## Task item
From the first line of the listing below through the line with "SIGNATURE LOGO STRIPE PK SLEEVE_NAVY", transcribe exactly and skip the pictures.
── Provided data
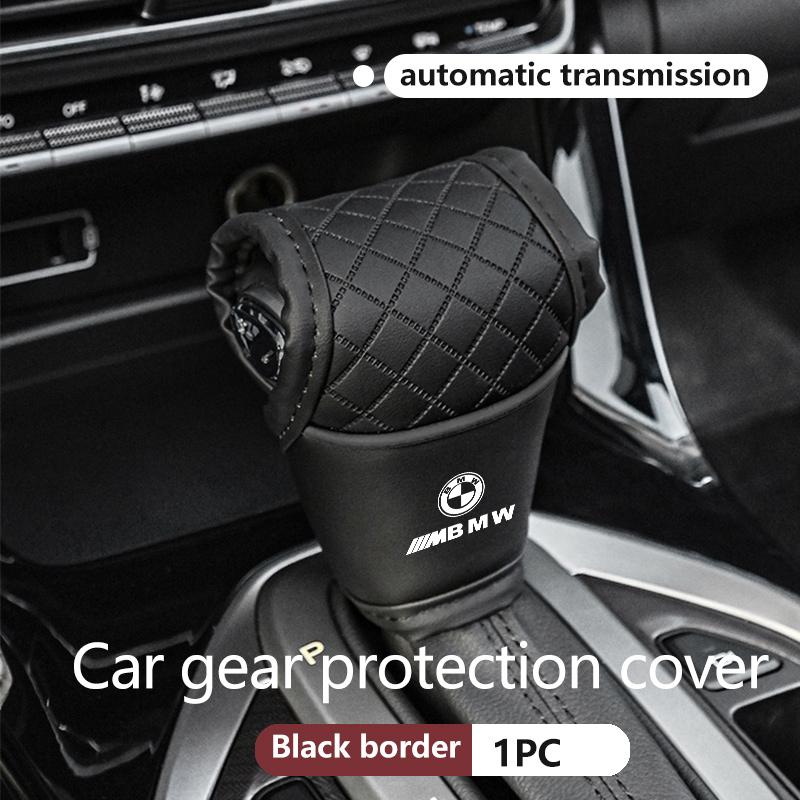Leather Car Gear Shift Sleeve Knob Protective Cover For BMW 1 3 5 7 Series M F01 F20 F10 F13 E52 E53 E60 E93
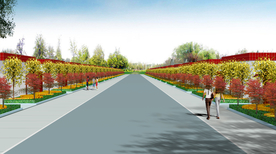 村居绿化效果图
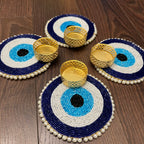 Evil Eye T-Light Diya - (Set of 2)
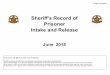 Sheriff's Record of Prisoner Intake and Release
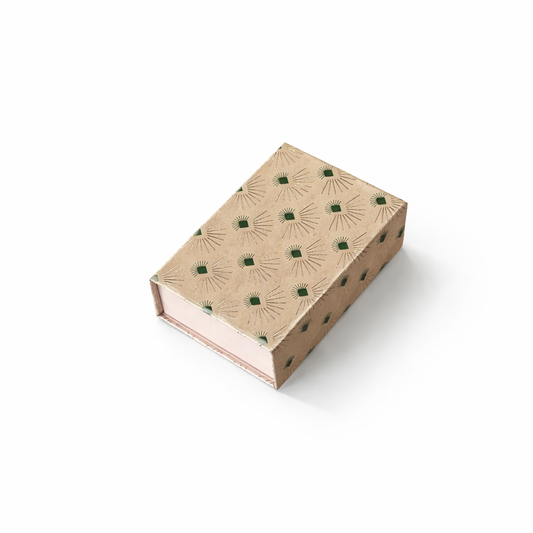 Golden Blush Gold Foil Rigid Magnatic Box (6x4x2 inch)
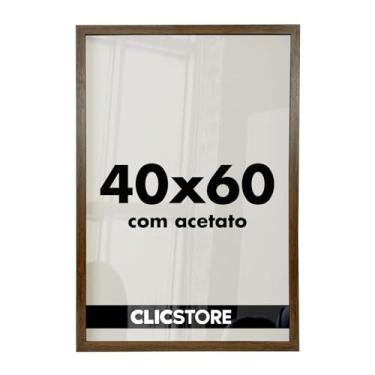 Imagem de Moldura 40x60 Poster Parede Foto Quadro Acetato Diplomas Porta Retrato Certificado Fotografia Madeira Cartazes Curso MDF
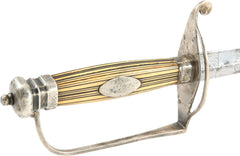 ENGLISH SILVER HILTED SPADROON C.1792 - Fagan Arms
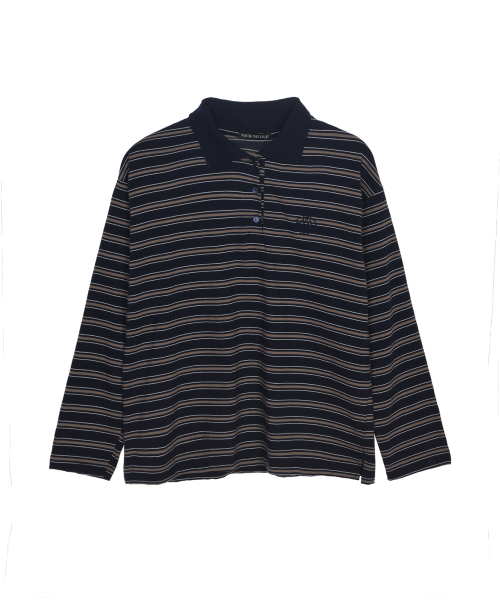SIGNATURE LOGO STRIPE PK SLEEVE_NAVY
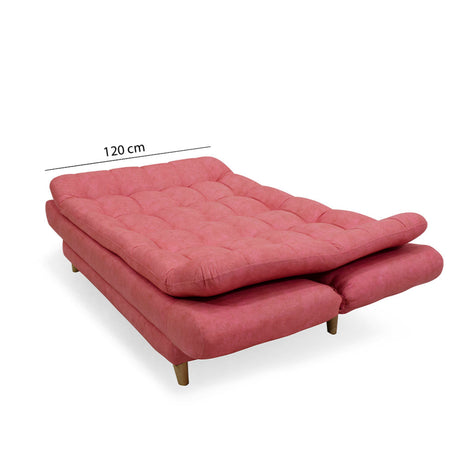 Sofacama Damasco Palo de Rosa 185x40cm De Cuatro Puestos Reclinable - SOFAS Y POLTRONAS | Bylmo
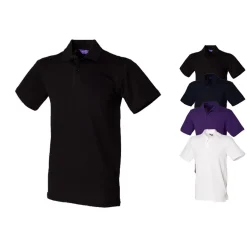W305 Henbury Stretch-Piqué-Poloshirt für Herren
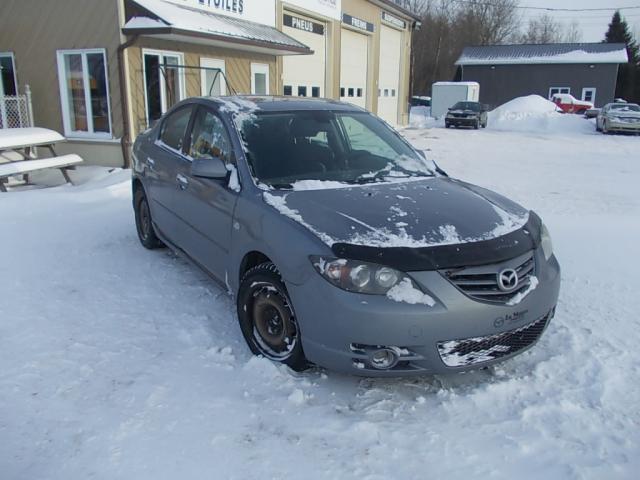 JM1BK123651325995 - 2005 MAZDA 3 S GRAY photo 1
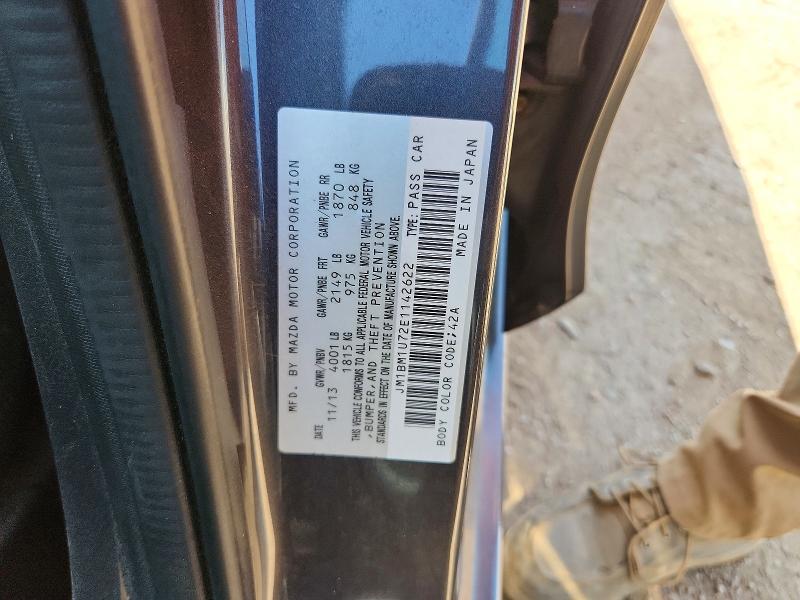 Продажа на аукционе авто 2014 Mazda 3, vin: JM1BM1U72E1142622, номер лота: 61926456
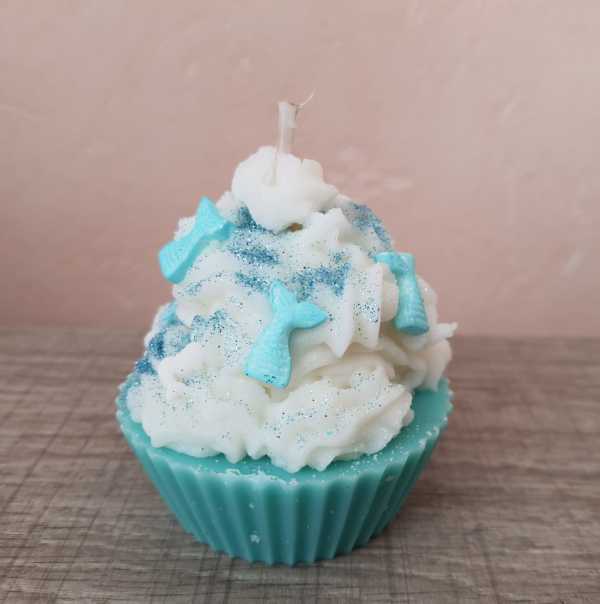 Bougie cupcake mermaid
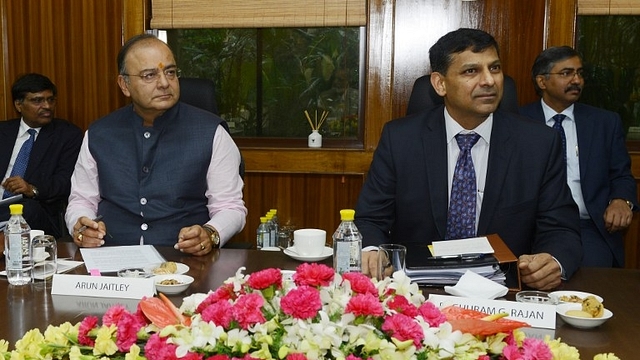 Arun Jaitley and Raghuram Rajan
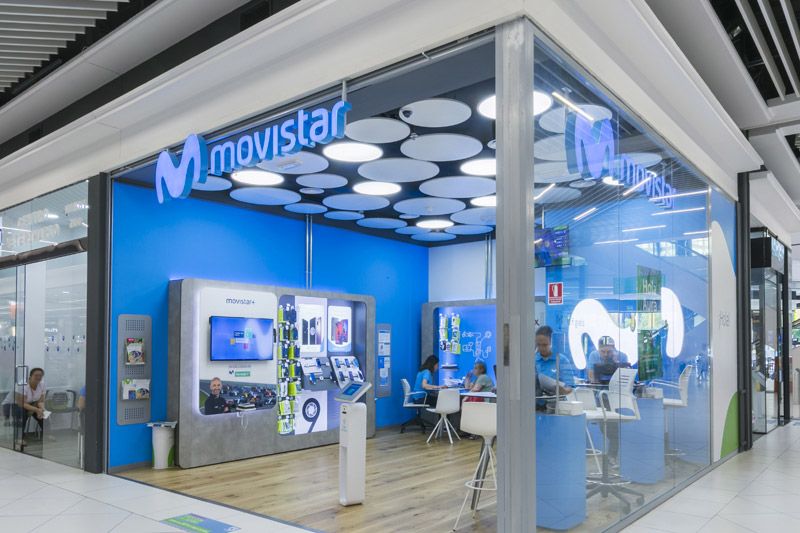 Una tienda de Movistar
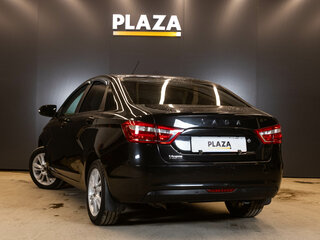 2015 Lada (ВАЗ) Vesta I, чёрный, 700000 рублей, вид 3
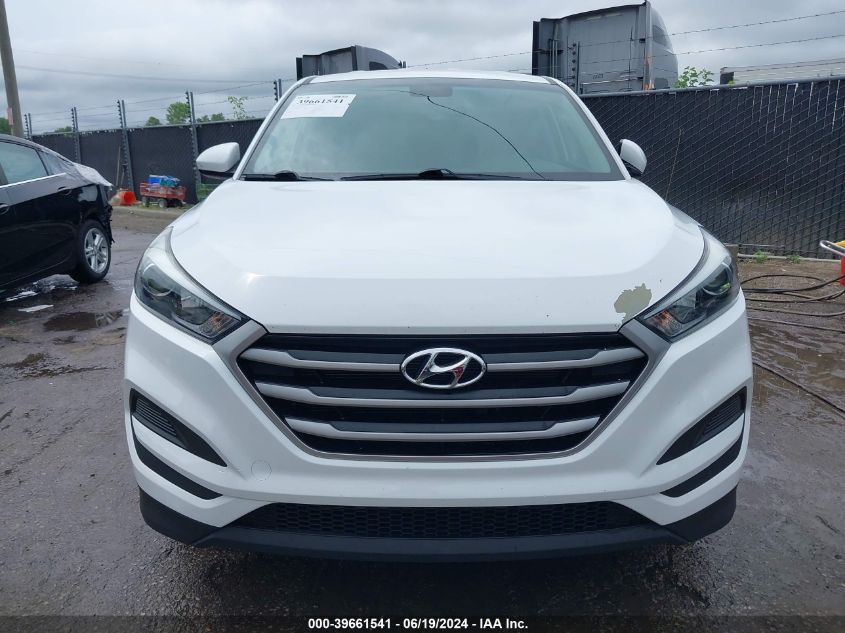 2017 Hyundai Tucson Se VIN: KM8J23A40HU596633 Lot: 39661541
────
## Answer box
Leather Car Gear Shift Sleeve Knob Protective Cover For BMW 1 3 5 7 Series M F01 F20 F10 F13 E52 E53 E60 E93
 村居绿化效果图
 Evil Eye T-Light Diya - (Set of 2)
 Sheriff's Record of Prisoner Intake and Release
 Golden Blush Gold Foil Rigid Magnatic Box (6x4x2 inch)
 Imagem de Moldura 40x60 Poster Parede Foto Quadro Acetato Diplomas Porta Retrato Certificado Fotografia Madeira Cartazes Curso MDF
 ENGLISH SILVER HILTED SPADROON C.1792 - Fagan Arms
SIGNATURE LOGO STRIPE PK SLEEVE_NAVY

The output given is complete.